Having individual models is powerful enough to aid in training CNNs. Each model becomes more powerful, however, when combined with other models and placed into larger CGI scenes suitable for R-CNN training data sets.

Having the individual objects of interest as CGI models, we need to create the CGI scenes into which they will be placed to create the annotated images.

Here are some possibilities:

  1. Photogrammetry. Briefly touched on above, photogrammetry techniques can be used on both the small (for individual objects of interest) and large scale. Large scale photogrammetry typically requires some sort of aerial photography. Drones are the most economical option for this approach. Commercial tools are probably your best bet for large scale photogrammetry, as opposed to, say, Meshroom. Pix4d is a very good commercial option but there are quite a few more. This approach may require a good deal of touch up in "post production", but can provide a very good starting point and save a lot of CGI artist time.
  2. CAD models. Similar to individual objects, there may well exist CAD models for a site or some environment that is relevant to a specific industry. For example, you can find existing models for construction sites, city scenes, highways, etc. and many of these can be found at some of the same sites above in the Sources of 3d Models section. To create photorealistic images, textures and other elements may have to be applied to the CAD models, if that is the starting point. This technique is already widely used in architecture, so it is quite mature.
  3. Procedural models. CGI tools also support a procedural approach to building world (and other) models. In fact, procedural modelling is quickly becoming the preferred choice in both film and gaming and those approaches clearly are applicable to ML training. One such tool is SceneCity, which is an add-on for Blender. With SceneCity you simply specify certain parameters like area, grid size (for grid-like cities), mix of building types, etc. and it will generate a full 3d model into which you can place your objects. This approach will create entirely fictional scenes, so if you want to depict a real scene like an actual city street, other approaches will have to be used.
  4. Artist models. This approach can be used to create, manually, entirely fictional scenes, but can also be used to re-create actual locations. A skilled CGI artist can create a 3d world model of arbitrary complexity in a matter of days, at most weeks. Depending on the desired complexity and photorealism, this will be more or less time consuming. While it may seem resource intensive, this approach can be viable because the model can be created once and repurposed for many training scenarios.

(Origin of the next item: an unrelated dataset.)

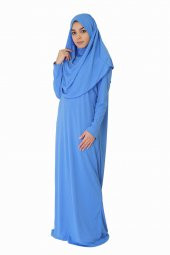AÇIK GÖK MAVİSİ FERMUARSIZ NAMAZ ELBİSESİ - 2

Object of Interest Placement and Annotation

The final step is to place the synthetic objects of interest into the synthetic scenes and annotate each object of interest. The annotations are bounding boxes or polygons around the object of interest with a label indicating what it is. Each rendered image can be one entry in a larger R-CNN training data set.

Here are some options for adding objects to a scene:

  1. Static object placement. This approach entails simply placing the objects into single, static locations for the duration of the scene generation. Once the objects of interest are placed into the scene properties of the scene can be changed to create different training images. Examples are camera properties (focal length, zoom level, etc.), lighting properties (HDRI backgrounds, orientation of the same HDRI background, etc.).
  2. Animated object placement. The approach here is to use the animation capabilities in CGI tools like Blender to move objects of interest around in the space using programmatic techniques. Animated object placement can be combined with the same scene manipulation described above in "static object placement" to further vary the training images. In addition, a CGI model created in Blender can be exported to a game engine like Unreal Engine to use well known game controllers to manipulate objects of interest using a user experience well known to anyone who has ever played a computer game.

Summary

CGI is a powerful technology to generate deep learning training data sets that are hard or impossible to generate in the real world while reducing manual labor in many cases.

That is super interesting and exciting to say the least.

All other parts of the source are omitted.